Directions: Transcribe word for word the lines below from the line with "Floorplan 1 for House Plan #9035-00001" through the line with "Valentino Calfskin Ankle", ends included.

Given entries:
>>>>>

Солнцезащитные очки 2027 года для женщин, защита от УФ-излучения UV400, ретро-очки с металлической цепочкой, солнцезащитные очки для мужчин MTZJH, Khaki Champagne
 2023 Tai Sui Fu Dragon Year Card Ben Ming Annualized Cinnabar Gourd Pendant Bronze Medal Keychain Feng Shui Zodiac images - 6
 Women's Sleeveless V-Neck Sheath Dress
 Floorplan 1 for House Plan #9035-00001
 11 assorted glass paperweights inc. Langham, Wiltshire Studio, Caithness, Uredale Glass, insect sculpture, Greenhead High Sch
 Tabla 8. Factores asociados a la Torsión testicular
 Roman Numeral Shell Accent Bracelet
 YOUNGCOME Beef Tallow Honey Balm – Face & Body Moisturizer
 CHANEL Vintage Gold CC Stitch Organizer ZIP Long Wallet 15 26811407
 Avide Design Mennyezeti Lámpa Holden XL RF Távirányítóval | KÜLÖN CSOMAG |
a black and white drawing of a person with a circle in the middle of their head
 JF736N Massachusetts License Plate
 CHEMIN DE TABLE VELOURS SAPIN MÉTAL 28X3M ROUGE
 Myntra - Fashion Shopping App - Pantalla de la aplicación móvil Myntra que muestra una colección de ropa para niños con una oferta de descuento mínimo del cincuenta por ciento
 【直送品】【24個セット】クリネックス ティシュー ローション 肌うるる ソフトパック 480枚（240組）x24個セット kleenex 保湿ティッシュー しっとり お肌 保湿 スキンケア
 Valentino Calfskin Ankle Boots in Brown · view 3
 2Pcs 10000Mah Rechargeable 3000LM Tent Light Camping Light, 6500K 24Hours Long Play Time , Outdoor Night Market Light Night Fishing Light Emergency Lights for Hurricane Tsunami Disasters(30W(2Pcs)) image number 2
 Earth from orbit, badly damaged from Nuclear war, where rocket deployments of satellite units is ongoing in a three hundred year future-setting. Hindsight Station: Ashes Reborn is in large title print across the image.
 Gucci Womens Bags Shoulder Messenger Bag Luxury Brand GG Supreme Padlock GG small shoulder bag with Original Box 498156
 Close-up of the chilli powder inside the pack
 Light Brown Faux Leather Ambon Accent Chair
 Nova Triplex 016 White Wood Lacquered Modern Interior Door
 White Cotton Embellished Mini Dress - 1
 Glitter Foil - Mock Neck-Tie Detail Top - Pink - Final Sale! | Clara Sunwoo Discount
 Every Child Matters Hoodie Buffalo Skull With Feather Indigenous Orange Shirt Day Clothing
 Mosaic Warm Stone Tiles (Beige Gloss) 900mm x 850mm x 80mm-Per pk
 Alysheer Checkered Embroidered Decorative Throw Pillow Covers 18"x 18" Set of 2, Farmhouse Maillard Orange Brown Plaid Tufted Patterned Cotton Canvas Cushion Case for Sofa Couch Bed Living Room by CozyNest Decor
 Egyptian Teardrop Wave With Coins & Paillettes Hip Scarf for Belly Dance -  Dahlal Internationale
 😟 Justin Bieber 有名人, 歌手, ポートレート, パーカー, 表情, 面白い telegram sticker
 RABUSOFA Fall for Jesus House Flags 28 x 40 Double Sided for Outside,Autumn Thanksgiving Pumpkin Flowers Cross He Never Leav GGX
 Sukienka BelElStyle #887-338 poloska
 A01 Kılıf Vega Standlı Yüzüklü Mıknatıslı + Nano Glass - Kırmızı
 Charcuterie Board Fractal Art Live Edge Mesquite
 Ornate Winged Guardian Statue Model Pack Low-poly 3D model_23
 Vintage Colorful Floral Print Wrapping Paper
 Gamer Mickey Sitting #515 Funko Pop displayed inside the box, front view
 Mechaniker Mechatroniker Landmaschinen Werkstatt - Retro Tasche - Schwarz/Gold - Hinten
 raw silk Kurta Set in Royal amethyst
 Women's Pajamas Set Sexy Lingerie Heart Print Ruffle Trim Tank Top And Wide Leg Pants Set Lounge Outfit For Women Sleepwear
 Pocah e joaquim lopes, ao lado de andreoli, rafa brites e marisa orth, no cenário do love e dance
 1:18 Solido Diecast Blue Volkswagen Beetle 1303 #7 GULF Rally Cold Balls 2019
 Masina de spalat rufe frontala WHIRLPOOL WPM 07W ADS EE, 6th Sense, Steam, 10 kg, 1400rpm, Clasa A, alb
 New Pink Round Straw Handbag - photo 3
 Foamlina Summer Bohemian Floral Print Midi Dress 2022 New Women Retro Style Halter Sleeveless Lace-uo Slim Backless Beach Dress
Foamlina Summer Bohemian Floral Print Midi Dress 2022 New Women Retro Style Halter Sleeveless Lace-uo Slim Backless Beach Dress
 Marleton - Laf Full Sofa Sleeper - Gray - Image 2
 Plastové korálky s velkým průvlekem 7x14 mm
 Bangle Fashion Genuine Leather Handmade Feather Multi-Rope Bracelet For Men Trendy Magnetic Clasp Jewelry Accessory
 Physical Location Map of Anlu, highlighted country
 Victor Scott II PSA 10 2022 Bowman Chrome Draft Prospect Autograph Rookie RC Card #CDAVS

<<<<<

Reply to the exercise:
 Floorplan 1 for House Plan #9035-00001
 11 assorted glass paperweights inc. Langham, Wiltshire Studio, Caithness, Uredale Glass, insect sculpture, Greenhead High Sch
 Tabla 8. Factores asociados a la Torsión testicular
 Roman Numeral Shell Accent Bracelet
 YOUNGCOME Beef Tallow Honey Balm – Face & Body Moisturizer
 CHANEL Vintage Gold CC Stitch Organizer ZIP Long Wallet 15 26811407
 Avide Design Mennyezeti Lámpa Holden XL RF Távirányítóval | KÜLÖN CSOMAG |
a black and white drawing of a person with a circle in the middle of their head
 JF736N Massachusetts License Plate
 CHEMIN DE TABLE VELOURS SAPIN MÉTAL 28X3M ROUGE
 Myntra - Fashion Shopping App - Pantalla de la aplicación móvil Myntra que muestra una colección de ropa para niños con una oferta de descuento mínimo del cincuenta por ciento
 【直送品】【24個セット】クリネックス ティシュー ローション 肌うるる ソフトパック 480枚（240組）x24個セット kleenex 保湿ティッシュー しっとり お肌 保湿 スキンケア
 Valentino Calfskin Ankle Boots in Brown · view 3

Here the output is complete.